• **ACTION ITEM**: Pictures aside, quote the whole listing exactly.

• **SOURCE MATERIAL**:
Segment Open

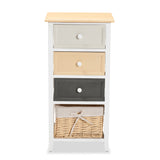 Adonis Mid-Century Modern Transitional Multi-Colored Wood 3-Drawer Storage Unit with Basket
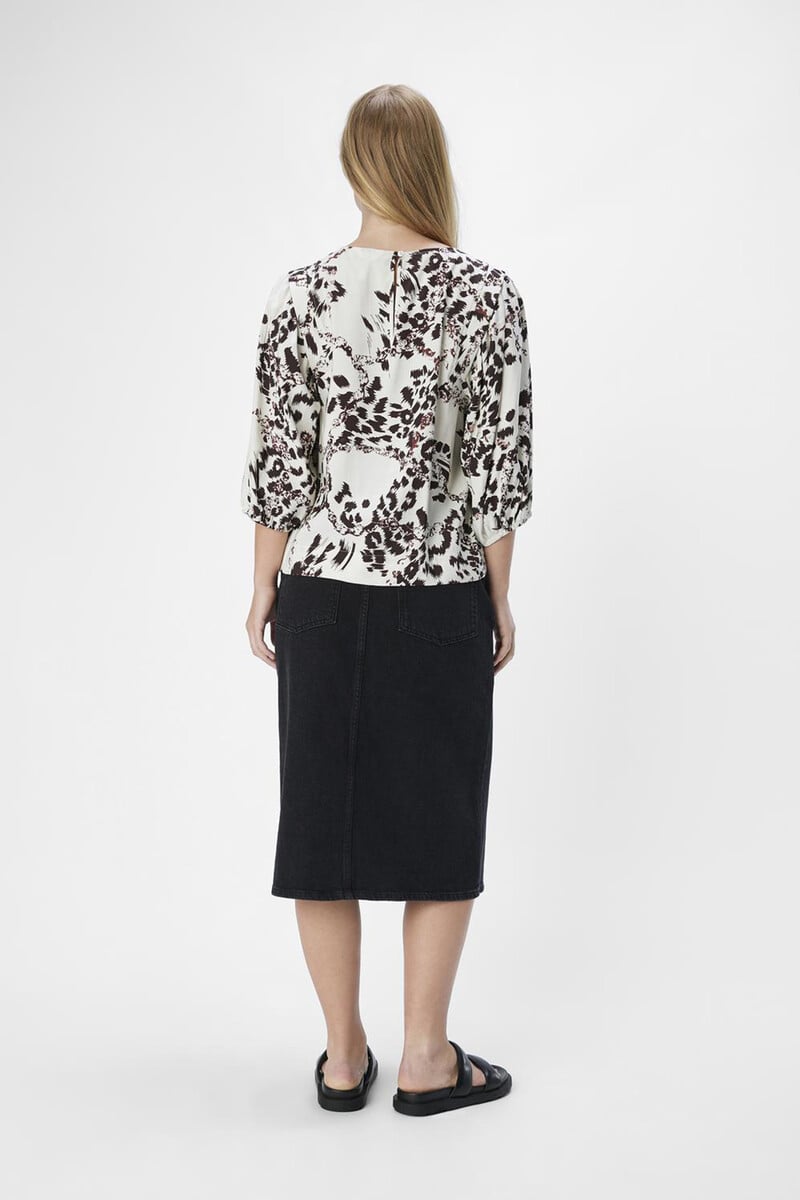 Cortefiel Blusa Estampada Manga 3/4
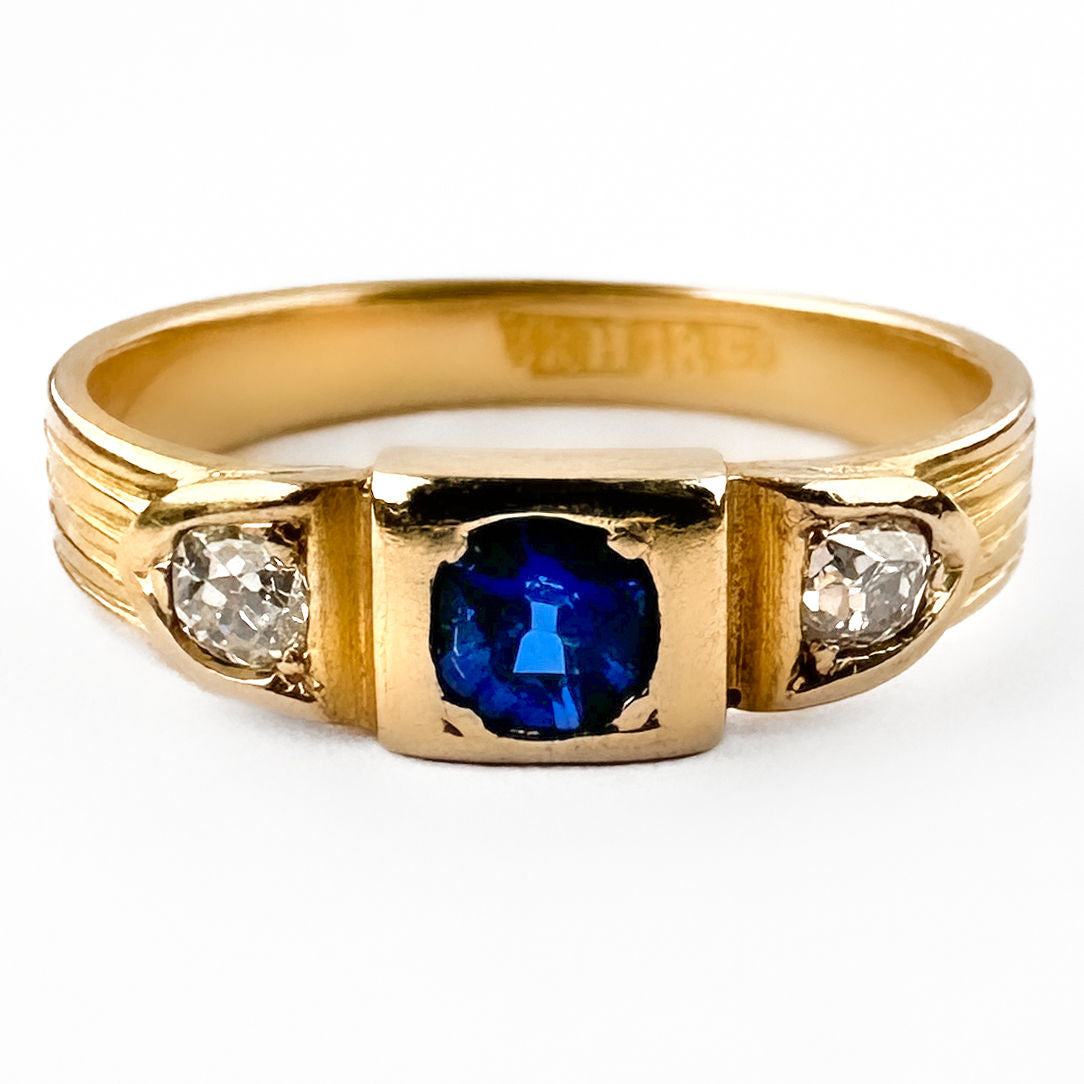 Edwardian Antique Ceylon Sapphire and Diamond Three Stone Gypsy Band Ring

Segment Closed

• **EXERCISE RESPONSE**:
 Adonis Mid-Century Modern Transitional Multi-Colored Wood 3-Drawer Storage Unit with Basket
 Cortefiel Blusa Estampada Manga 3/4
 Edwardian Antique Ceylon Sapphire and Diamond Three Stone Gypsy Band Ring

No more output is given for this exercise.